In a recent case involving Next Brand Ltd, the First-Tier Tribunal ruled in favor of HM Revenue & Customs (HMRC), finding that double tax relief was not available for dividends that in effect represented loan repayments.
Background
Prior to the introduction of the dividend exemption, when a UK parent company received foreign source dividends, it was possible to benefit from a credit for any foreign tax that the subsidiary had already paid—i.e., tax paid by a subsidiary was treated as tax paid by the parent. This arrangement was intended to prevent double taxation.

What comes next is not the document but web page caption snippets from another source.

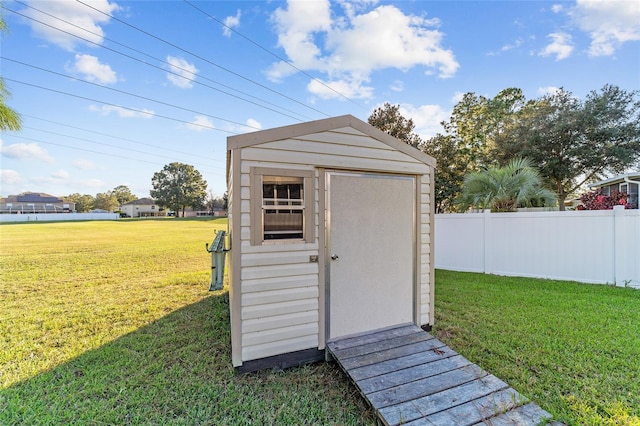 view of outdoor structure with a yard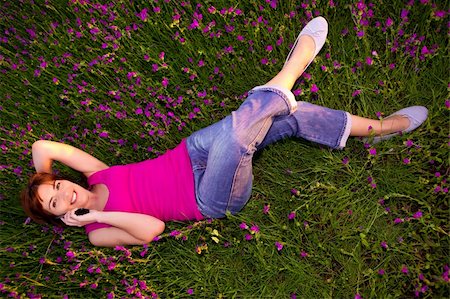 Top view of beautiful young woman lying on the nature and talking at cellphone Stock Photo - Budget Royalty-Free & Subscription, Code: 400-04256987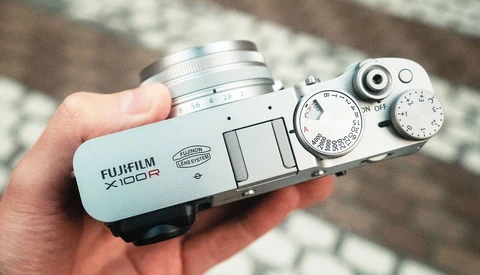 White Fujifilm X100R rangefinder camera held in a hand, showing its manual controls and silver lens.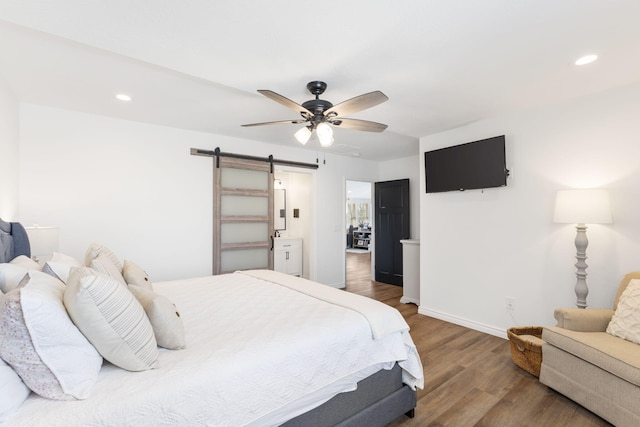 bedroom featuring ceiling fan, a barn door, and hardwood / wood-style floors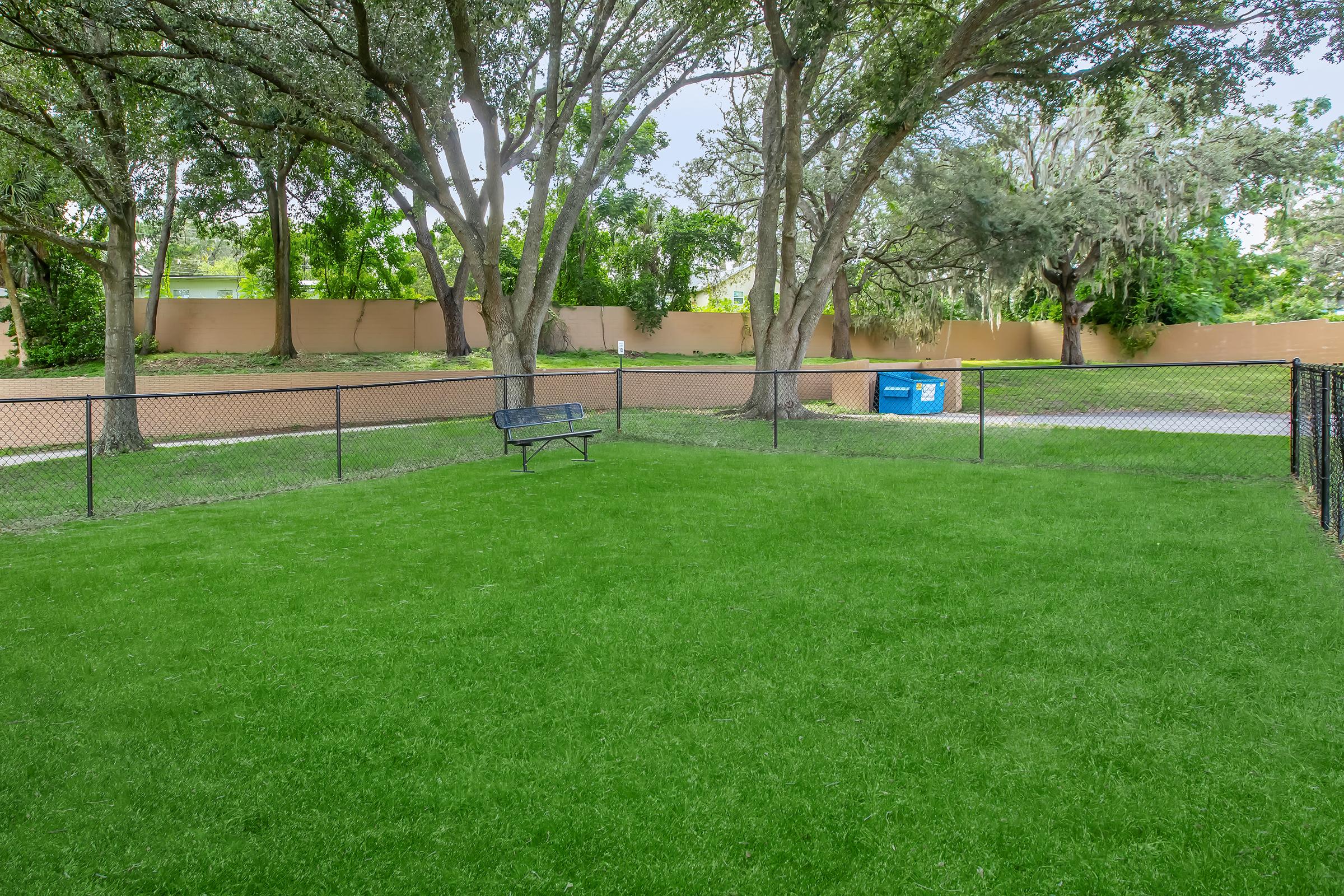 A green grassy area enclosed by a black fence, featuring a single bench on the lawn. In the background are two large trees and a dumpster near a wall. The area appears well-maintained and is likely part of a park or recreational space.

“Rate-booster” strategies were designed to use this principle to limit or completely avoid corporation tax in the United Kingdom on dividends by boosting the underlying double tax relief.
Next Brand’s Strategy
Next Brand’s strategy involved a complicated arrangement of loans, dividends, preference share issuances and share transfers. In broad summary, Next Brand’s Hong Kong subsidiary, Next Sourcing Ltd (NSL), subscribed for irredeemable preference shares in Next Near East Ltd (NNEL), one of Next Brand’s UK subsidiaries. After the board had satisfied itself that NNEL had sufficient distributable profits at the time, NNEL paid a dividend to NSL on the preference shares. Subsequently, NSL paid a dividend to the parent company, Next Brand.
Next Brand claimed double taxation relief equivalent to an amount that would eliminate all, or almost all, of the UK tax otherwise payable on the dividend. In calculating this relief, Next Brand took into account UK corporation tax that was payable by NNEL.
The underlying issues of the case were whether the NNEL dividends were “dividends” for the purposes of the relevant relief provisions, and whether any tax paid by NNEL could be taken into account in Next Brand’s claim for double taxation relief.
HMRC’s Position
HMRC rejected Next Brand’s claim for double taxation relief, arguing that the group’s arrangements constituted a series of artificial steps by which Next Brand sought to inflate the value of the relief to which it was properly entitled.
In particular, HMRC found that, despite the fact that the NNEL dividends had the legal form of dividends, they were in substance repayments of a loan. HMRC therefore reasoned that the dividends were not derived from taxed profits, but rather constituted cash circulated within the group.
The First-Tier Tribunal’s Ruling
Rejecting Next Brand’s appeal against HMRC’s decision, the First-Tier Tribunal stated that it was not enough for the paying company to declare a dividend; instead, it must be shown that the dividend is derived from profits. In the tribunal’s view, the key point was not whether the payment took the form of a dividend, or whether it had the character of income or capital, but whether the payment was of profits that had borne tax.
The tribunal agreed with HMRC’s reasoning that NNEL’s dividends were in fact loan repayments. The tribunal pointed out that the subsidiaries had themselves accounted for the issue of the preference shares as debt, and for the dividend as the repayment of debt.
Comment
Several rate-booster strategies are due to be heard in the UK courts in due course. Those taxpayers with facts similar to Next Brand might consider settling on the basis of the tribunal’s decision in this case, although it is likely that Next Brand will appeal in view of the amounts at stake (about £22 million).
This case indicates that rate-booster strategies are unlikely to work from a technical perspective, especially in light of the courts’ general hostility towards tax avoidance strategies in the current climate.